日本の労働環境 存在自体が無駄な部門の実例

とある会社で実際に目にした、部門の存在自体が無駄だろう、というものがある。
全社の仕入原価を下げることを目的として、全社一括の購買窓口の部門を作った。一般品も個別作業委託も、この部門から発注するルールになった。この部門が見積書を受け取り、仕入先と交渉し、最終的な金額を取り決め、発注手続きを行うのである。
まあ、一般品はそれほど手間もかからないだろうし、一括発注でボリューム効果があるかもしれないのでいいだろう。しかし、個別の委託は、委託内容に対しての作業見積もり内容が適切かどうか判断する能力が必要だが、それはなかなか簡単ではない。依頼した当事者ではなく、第三者が書類だけで個別の状況を踏まえて判断しなければならないのだから。実際、作業内容までは判断出来ず、金額の交渉しか出来ていないようだった。
結果として、どのようになるか。しばらくすると、委託業者から提出される見積もり時点で、「金額交渉で減額されるであろう」金額が上乗せされるようになったのである。

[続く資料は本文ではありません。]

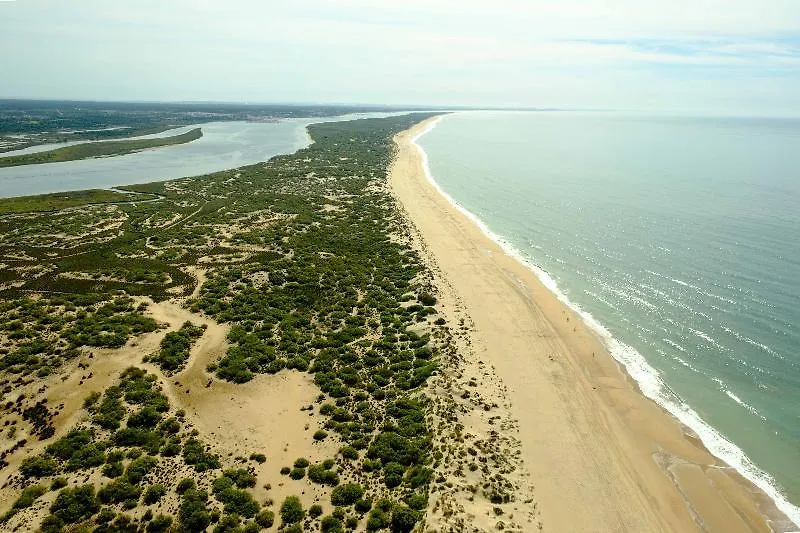 Estival Isla Cristina (Adults Only) Hotel Spain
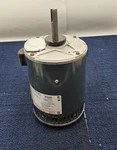 Marathon W56T11ORO40006A1A Motor Ph 3 Fr 56Z 60HZ HP1 Rpm 1140 460V *not Working. Fixed Price $99.07.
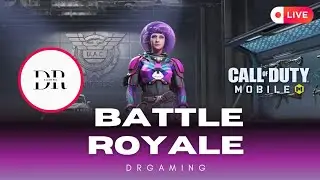 BATTLE ROYALE CALL OF DUTY SQUAD#codm  #callofduty  #codmobile  #squad#drgaming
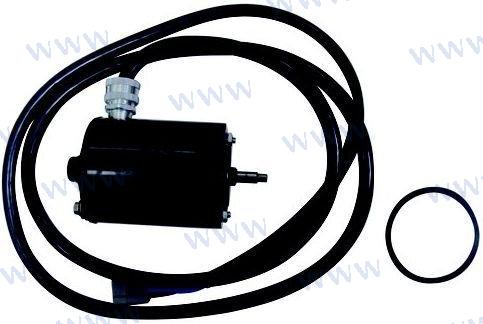 BONBARDIER GARNITURE ÉLECTRIQUE | OEM 173944 | GARNITURE ÉLECTRIQUE | RECMAR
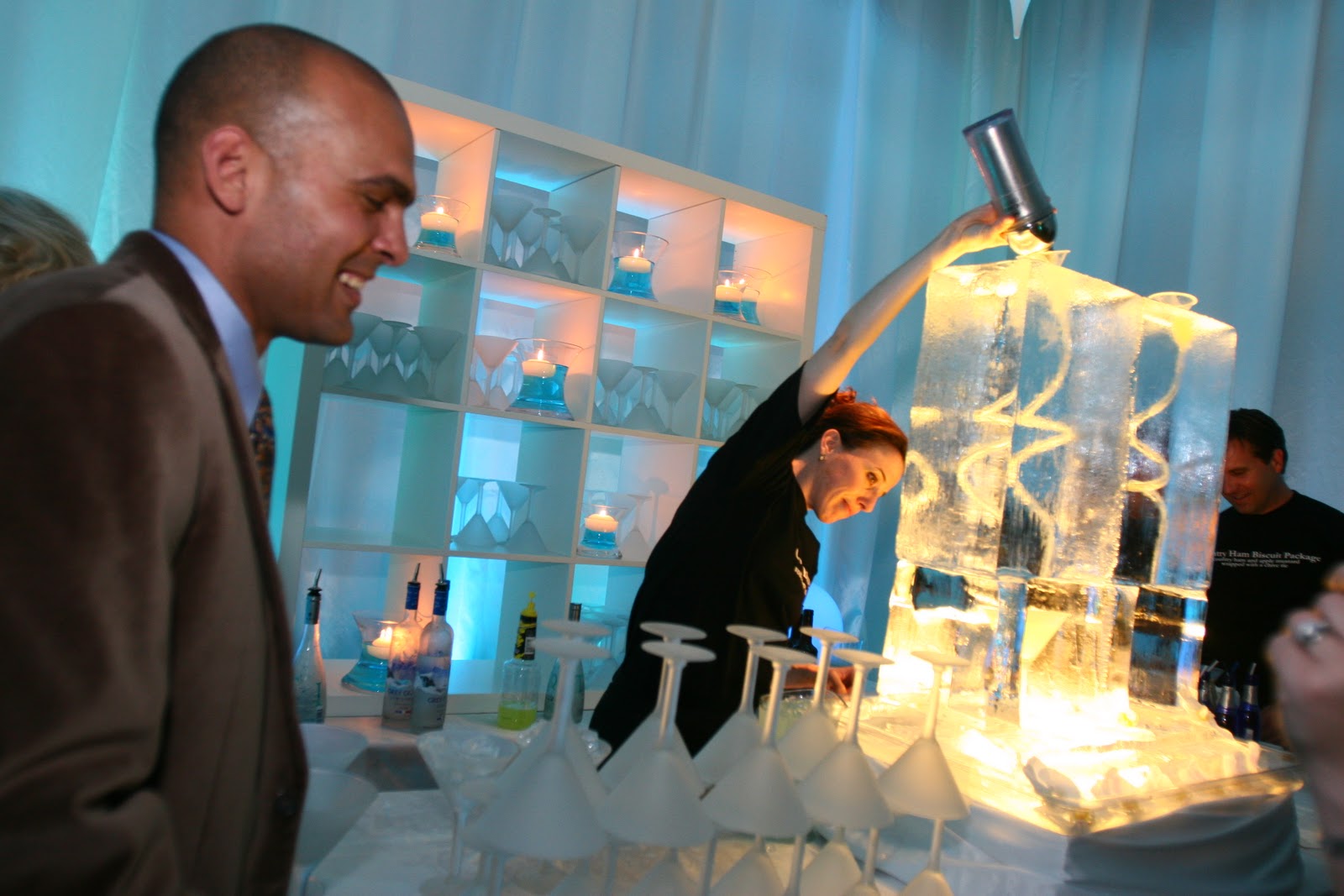 Sexy Martini Bars Dig This Design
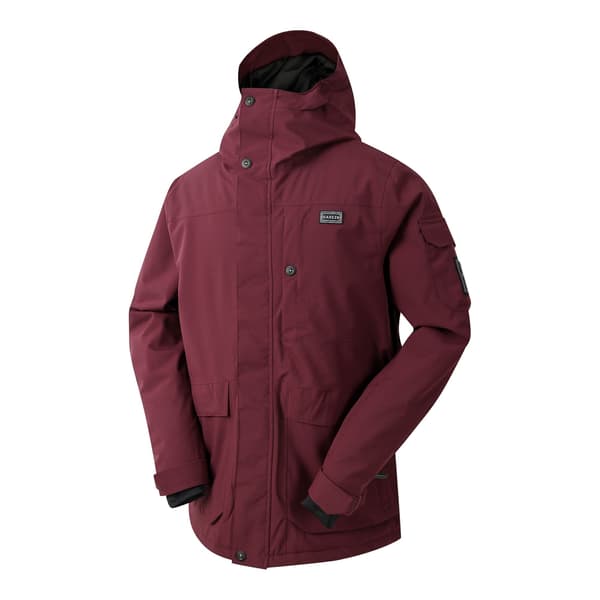 Dare 2B Herr Twin Tip Skidjacka XL Fikon Fig XL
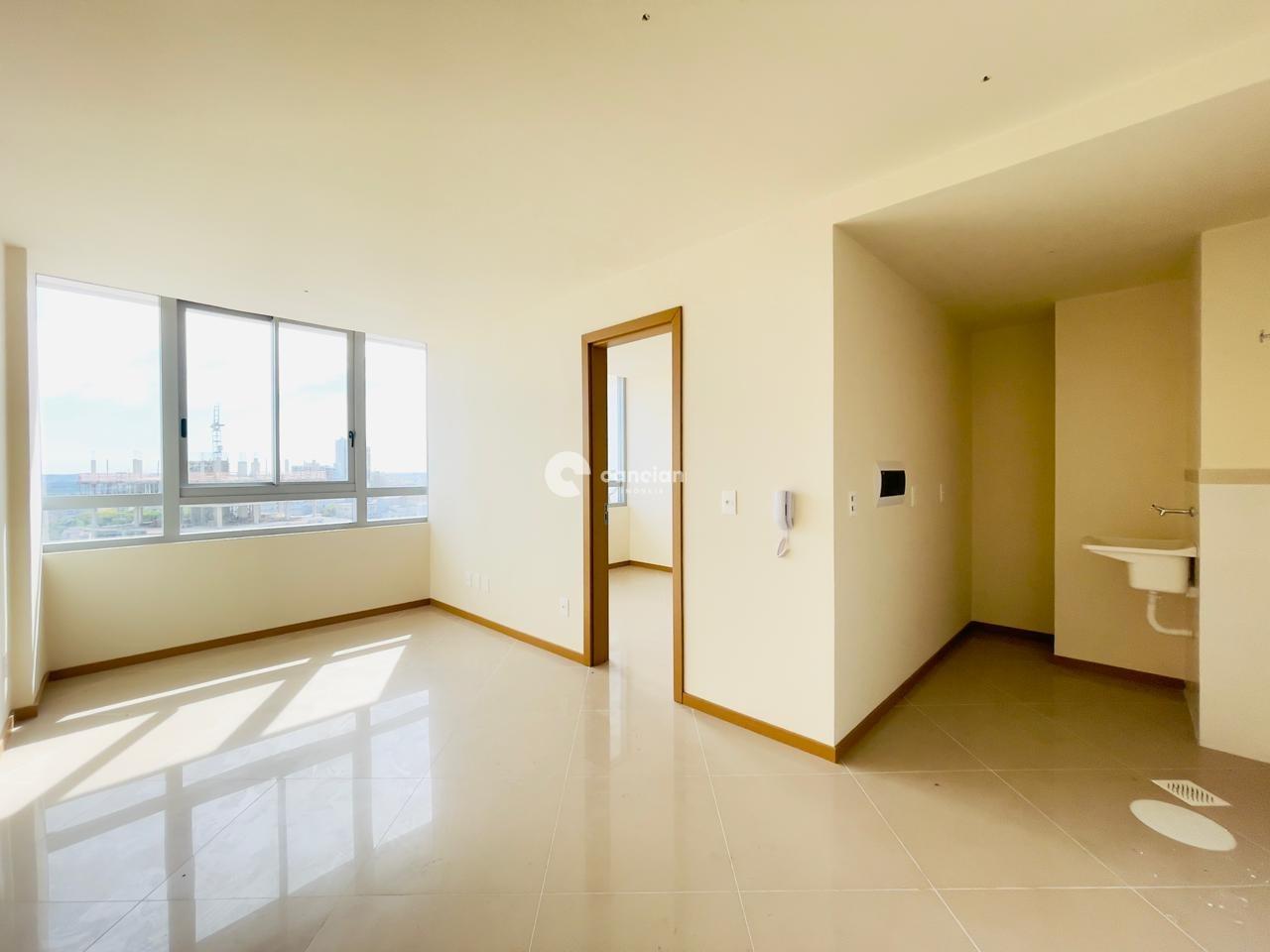 Apartamento para aluguel no Centro: 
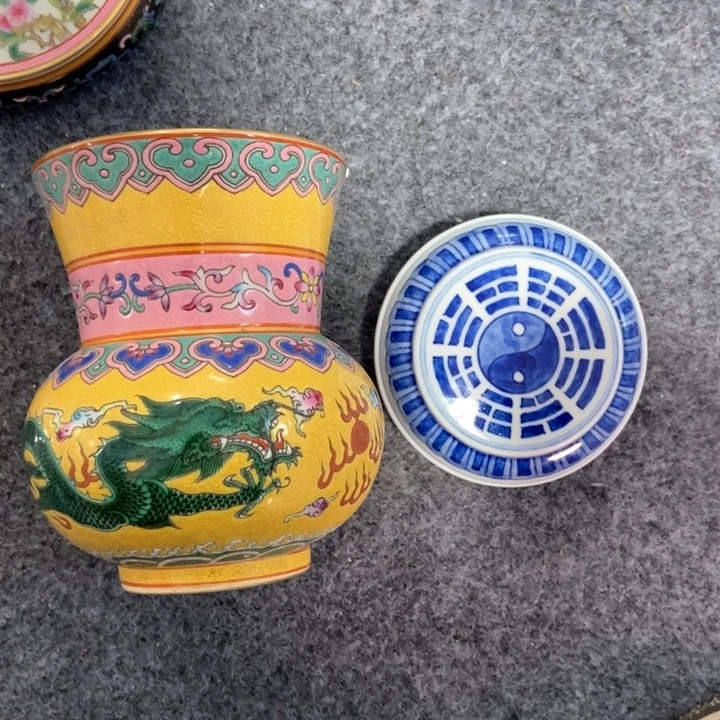 阿****源哥陶瓷艺术家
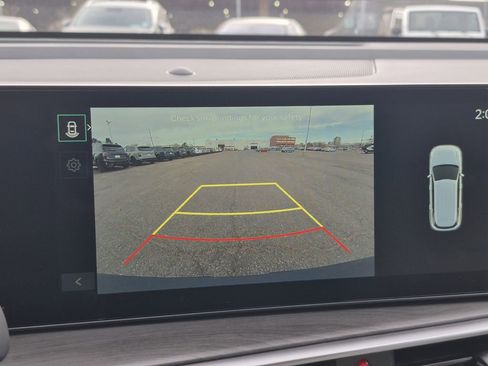 New 2026 Kia Sorento X-Line EX AWD/4WD image 21
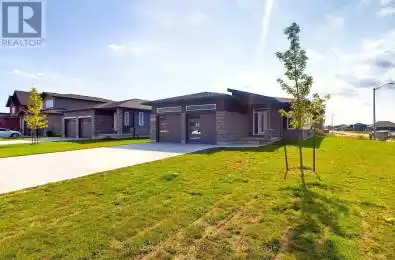 336 Mary Rose Avenue Saugeen Shores Ontario N0H2C3
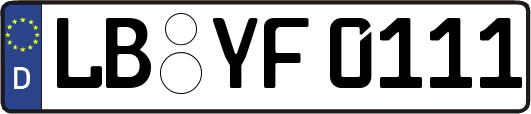 LB-YF0111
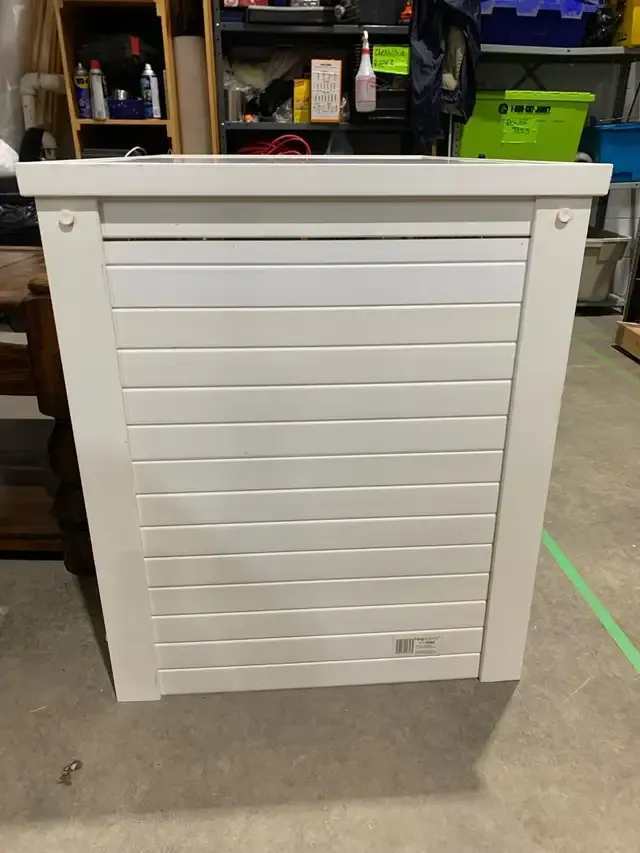 Ecoflex Dog Crate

当然、依頼した担当者自身も、そのような金額が上乗せされていることは承知した上で見積もりを受け取っている。

見かけ上は、金額交渉で仕入原価が下がっているように見えているだけで、現実的な効果があるわけではない。依頼担当者と購買窓口とのやりとりとか、購買窓口と委託先会社との金額交渉とか、余計な手間が増えているだけである。
担当者と委託先とで結託して不正な取引をしようとしている場合に、購買窓口が牽制の役割を果たせる可能性はあるかもしれない。しかし、悪意を持って不正な取引をしようとしている場合は、書類上は体裁を整えているだろうし、不正を見抜くことも簡単ではない気がする。

この仕入原価を低減するためのコストと、仕入原価の低減効果とを比較して、逆にコストが上がっている気がしている。先にも書いたが、取引先は減額交渉の分を上乗せした見積もりを作っているのだから。